Disclaimer: I have approximately 5 weeks of python experience.
I want to pair my sequencing reads based on flow cell location, sort the sequencing reads into separate files based on 8 nucleotide barcodes, and then count mutations at a specific codon.
Using Biopython's SeqIO to parse the reads and then create a dictionary:
seqID= {}
for record in SeqIO.parse('Sample.fq', 'fastq'):
seqID[str(record.seq)]= record.id
Then paired the sample reads by creating a multi dictionary, where sequences found in the same location are assigned to the same value:
seqID_multi= {}
for k, v in seqID.items():
seqID_multi.setdefault(v, set()).add(k)
And then printing each item in fasta format, based on its specific barcode:
for k, v in seqID_multi.items():
for item in barcode_sequences:
# if the item is included in the value,
if item in str(v):
# append an output file with the key followed by the paired values
outputfile= open('%s.fasta'%barcode_names[barcode_sequences.index(item)], 'a')

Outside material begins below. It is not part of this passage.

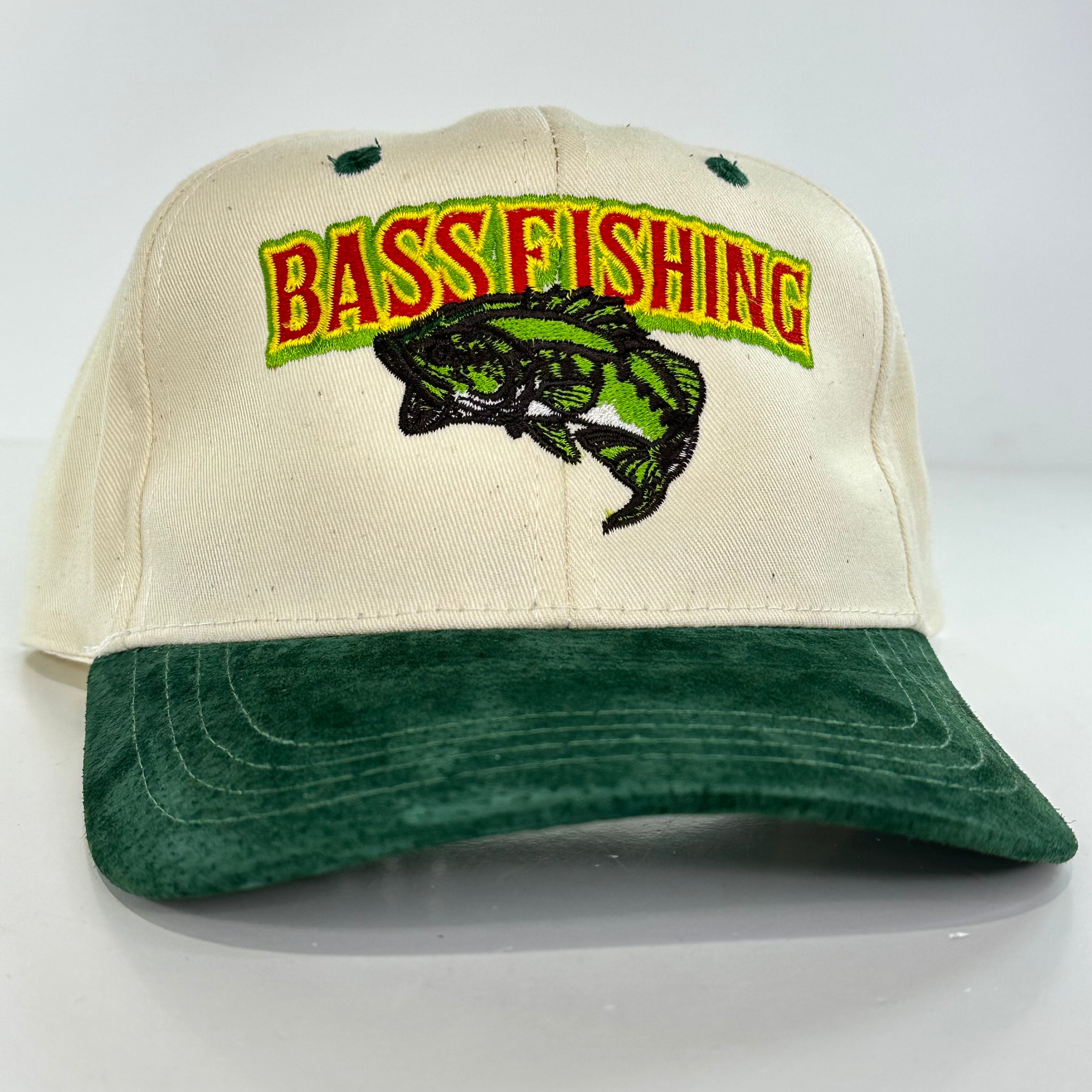 BASS FISHING Vintage Green Suede Brim SnapBack Cap Hat Custom Embroidered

# print the seqID to that file
print('>' + k, file=outputfile)
for v in seqID_multi[k]:
print(v, file=outputfile)
outputfile.close()
Finally, for just one of the barcodes, I tried to count the occurences of every possible codon at a specific site, based on a dictionary of codons, 'gencode':
list= []
for fasta in SeqIO.parse('K234_ns.fasta', 'fasta'):
location, seq= fasta.id, str(fasta.seq)
read= location + seq
for k, v in gencode.items():
if re.search('GGTGAT' + k + 'ACCGG(C|T)', read):
list.append(v)
print(Counter(list))
My output is as follows:
Counter({'K': 46826, 'R': 33260, 'G': 16681, 'V': 9701, 'L': 8478, 'S': 7530, 'A': 7303, 'T': 6098, 'C': 5076, 'E': 5063, 'W': 4792, 'P': 4117, 'N': 3798, 'I': 3512, 'M': 3475, 'D': 3240, 'Q': 3129, '_': 3031, 'Y': 2992, 'F': 2944, 'H': 2438})
The problem:
My naive libraries (like the one I just tallied up above) should be unbiased, with equal frequency of each AA. When my PI runs their program in Perl, they indeed get an unbiased distribution of AA frequency. What am I messing up here? Is it my code, or is my code fine and it must be my specific criteria?
Thanks.
Although it's a nice exercise, you should be able to use software dedicated to barcode splitting etc. cutadapt for instance can handle demultiplexing.